Terror Response Attack Testing Germany's Fraternité

As France launches a new wave of air strikes against ISIS in Syria, Germany is debating how far it will go militarily to support its closest ally. Some possibilities include freeing up French troops in Africa to focus on Syria, and taking in more refugees.
  • Meera Selva
French President Francois Hollande called the attacks an act of war and promised retaliation. Quelle: dpa
Paris attacks

French President Francois Hollande called the attacks an act of war and promised retaliation.

(Foto: dpa)

As Parisians returned to work on Monday after spending the weekend taking in the scale of Friday’s attacks that scarred their city, French airplanes were flying over Syria, bombing the city of Raqqa, one of the strongholds of the Islamic State.

If the Paris attacks that have killed at least 129 people is France’s 9/11, then French President Francois Hollande is determined to wage his own war on terror in retaliation. And Germany, which normally shies from military action, will have to decide how far it is willing to go to support its closest neighbor and ally.

Chancellor Angela Merkel was one of the first leaders to issue a public statement of solidarity, saying: “We will lead this fight together with you against those who did such unimaginable things to you.” But Germany is not taking part in the air strikes, and Ms.
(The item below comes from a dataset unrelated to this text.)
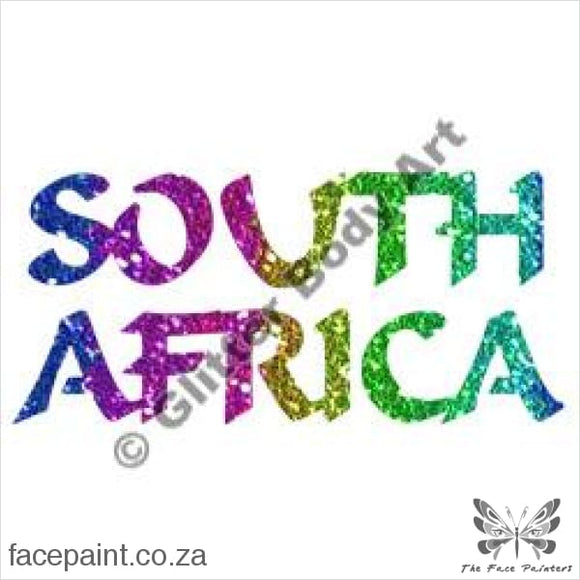 Glitter Tattoo Stencils - 339 South Africa Tattoos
Merkel must now decide how she plans to fulfill that promise.

Christian Mölling, a defense and security expert at the German Marshall Fund, a think tank in Berlin, told Handelsblatt Global Edition that it is unlikely Germany will overcome its reluctance to engage militarily without a United Nations mandate, but will probably support France  in other ways.

In particular, Mr. Mölling suggested that Germany could take over some of France’s responsibilities in other U.N. missions overseas.

“The French military is incredibly overstretched at the moment: if Germany took on some of their responsibilities, it would give France more room to maneuver,” Mr. Mölling said.

Germany has said it will consider increasing its contribution to the U.N. mission north of Mali, in west Africa, for example. Earlier discussions had focused on sending intelligence officials, but Mr. Mölling suggested Germany may now consider sending troops.